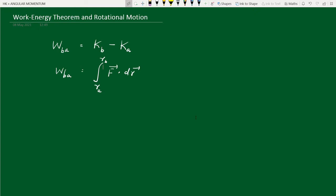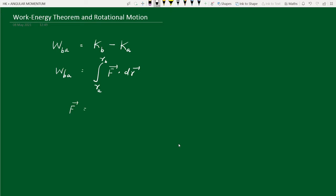First let us consider the translational part. Consider the translational motion — the general motion involves both translation and rotation, but let us isolate the translational part. The force acting on the body can be written as mass M into the rate of change of velocity — mass into acceleration. We have a rigid body here, not a particle, so its total mass is capital M.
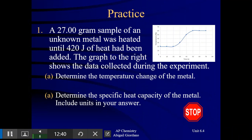Try this problem: a 27-gram sample of an unknown metal was heated until 420 joules of heat had been added. The graph shows the data collected. Part A: determine the temperature change of the metal — that's final minus initial. Part B: determine the specific heat capacity of the metal, including units. This is simpler — we're just looking at a sample of metal, no water in the mix. Pause the video and see how you do.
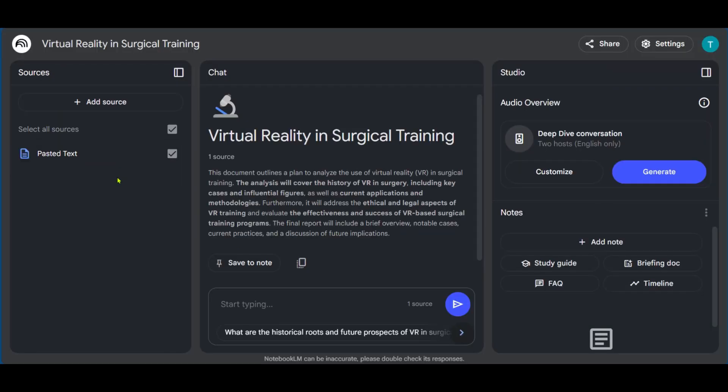And here you can see pasted text. And then we have under chat, virtual reality in surgical training. So with this prompt, we're able to ask any question in this field. So for example, we have this suggestion here.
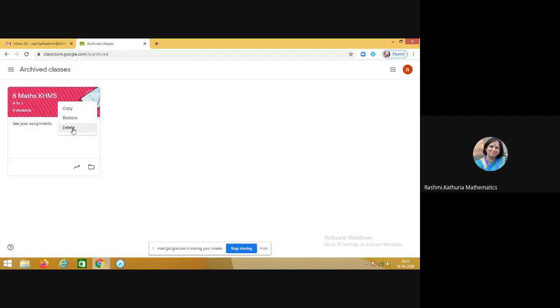Now if you click on this delete button, then the class will not be shown anywhere and you cannot retrieve that class back after deleting it. So I hope this will help you to understand how to archive a class, delete a class, restore a class, copy a class. So this is the way we can take care of our Google Classroom.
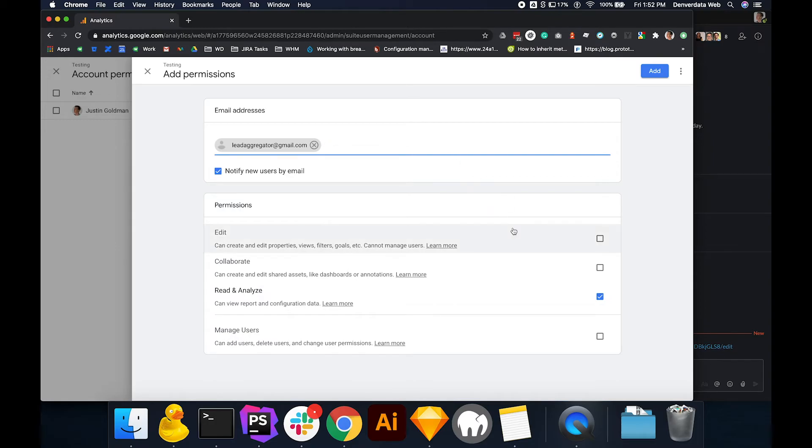Next, under permissions, select the checkbox next to edit. You'll notice that the rest of the three checkmarks here will be automatically selected.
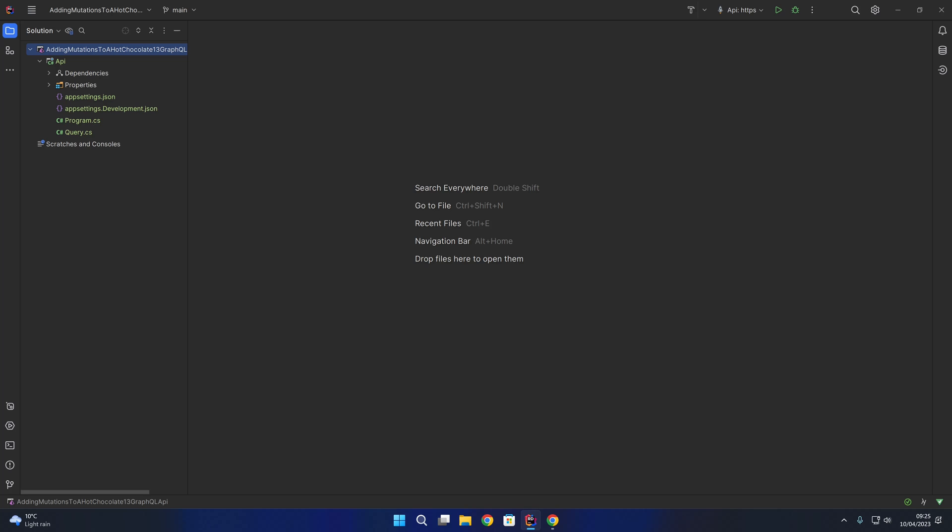Hello and welcome. In this video we are going to look at adding mutations to a Hot Chocolate GraphQL API.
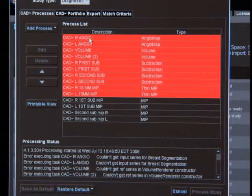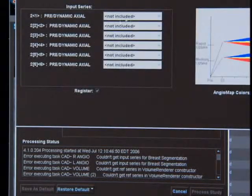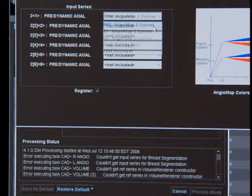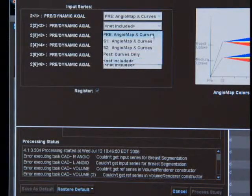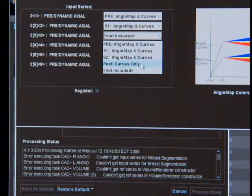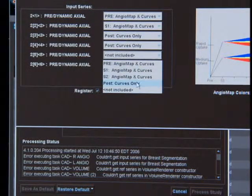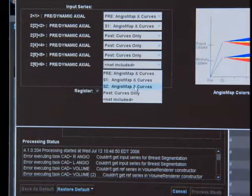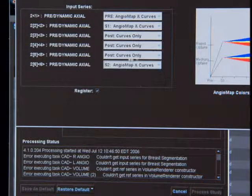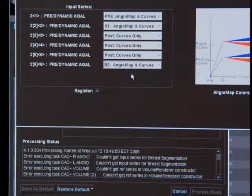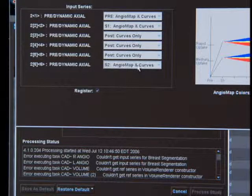As you become more familiar with CatStream, you may be able to actually go in and edit these hanging protocols and therefore get your system to process the study without any further delay. This is something that comes just with experience as you work with your application specialist and become more familiar with setting up the processing features of your CatStream.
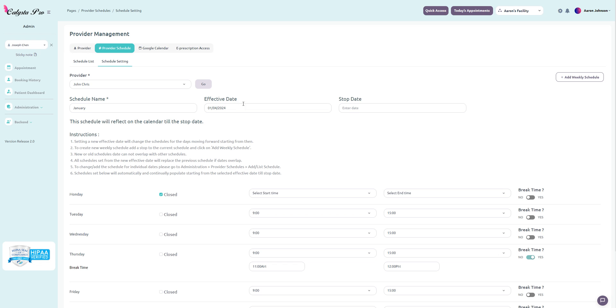Next you're going to add an effective date, which is basically the start date. You have the option to also add a stop date so that the schedule recursion ends at that day. If you leave it blank, it'll just continuously duplicate your weekly schedule until you stop it.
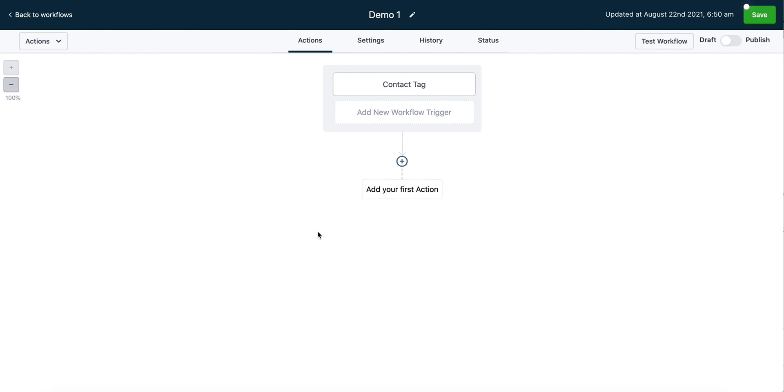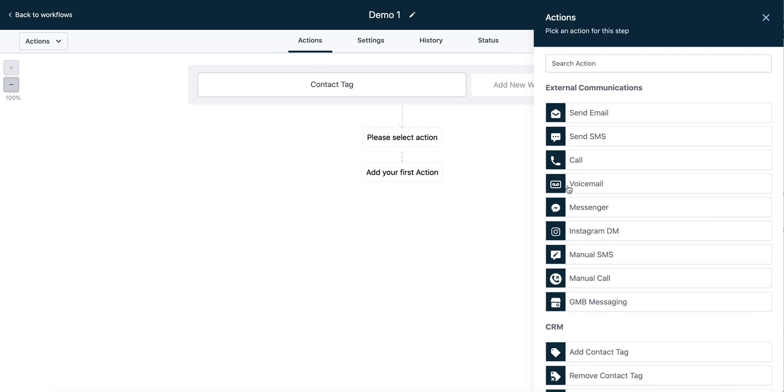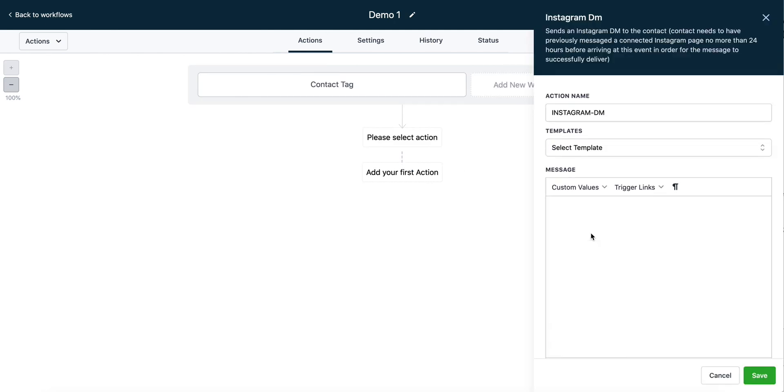You need to make sure that you have your Instagram integration already completed. Once you've done that, come here into the workflows, click the plus icon to add an action, and choose from the list of actions, Instagram DM.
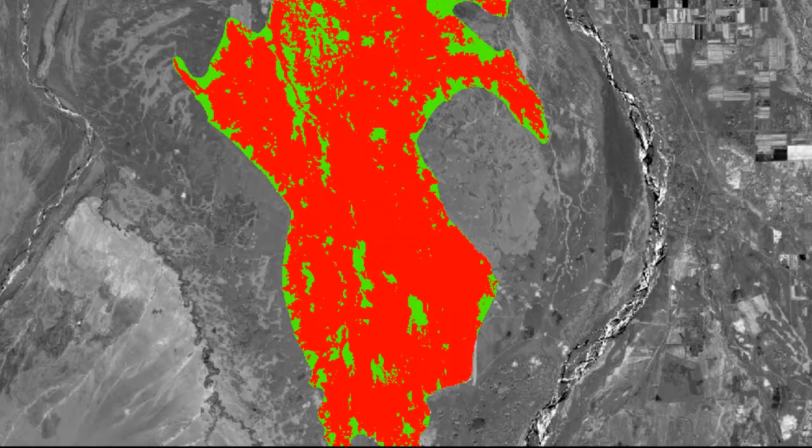When we're all done, we'll have a raster such as this. And this is the fire perimeter as supplied by the Alaska Fire Service.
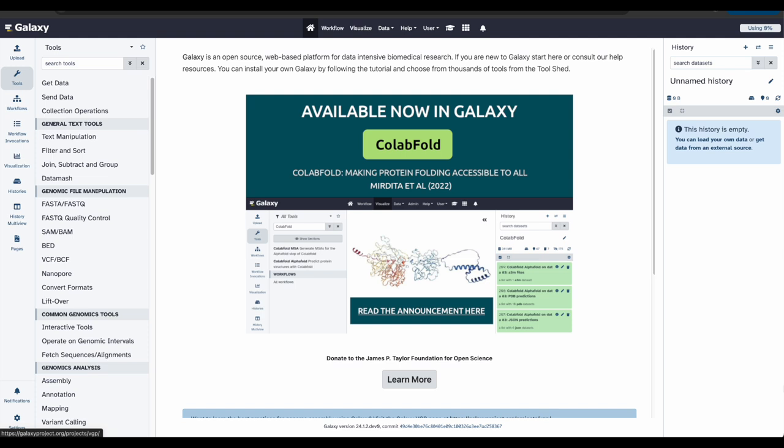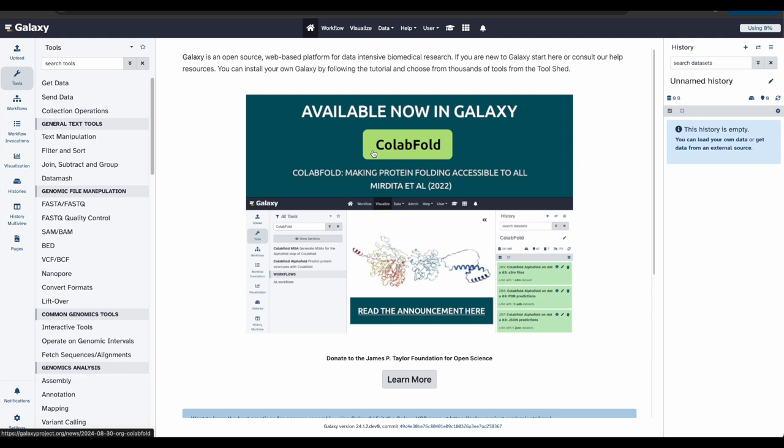Let's get started. Once you have logged into the Galaxy instance of your choice, I'm using usegalaxy.org, your Galaxy interface will look something like this. Here, you can see the activity bar and tools listed on the left. The analysis history is recorded on the right, and the center panel will let you run analyses and view outputs.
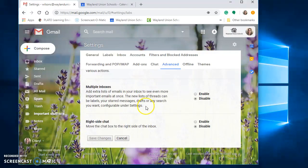You'll need to scroll to the bottom and save changes, and then now when you go back, the choices for the split pane should be available.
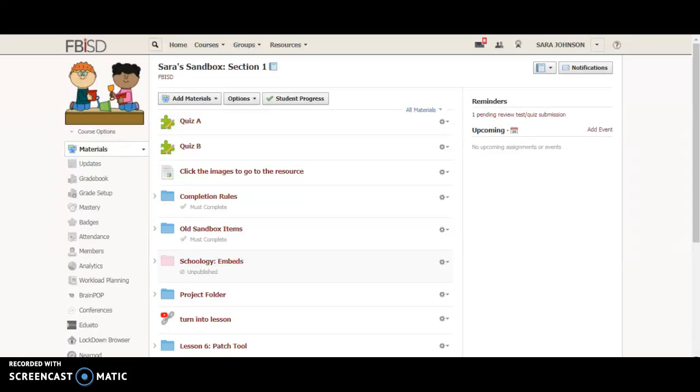This video is a two-for-one, so I'm going to show you two different things. The first one is going to be grading groups and the second one is going to be individually assigned. You would use grading groups with individually assigned or you could use individually assigned all by itself.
* * * * *
Task instructions -> Exactly those lines that run from the line holding "Let's get started." to the end of the listing above, both included, are to be reproduced, with pictures left out.

Solution ->
Let's get started. Once you have logged into the Galaxy instance of your choice, I'm using usegalaxy.org, your Galaxy interface will look something like this. Here, you can see the activity bar and tools listed on the left. The analysis history is recorded on the right, and the center panel will let you run analyses and view outputs.
You'll need to scroll to the bottom and save changes, and then now when you go back, the choices for the split pane should be available.
This video is a two-for-one, so I'm going to show you two different things. The first one is going to be grading groups and the second one is going to be individually assigned. You would use grading groups with individually assigned or you could use individually assigned all by itself.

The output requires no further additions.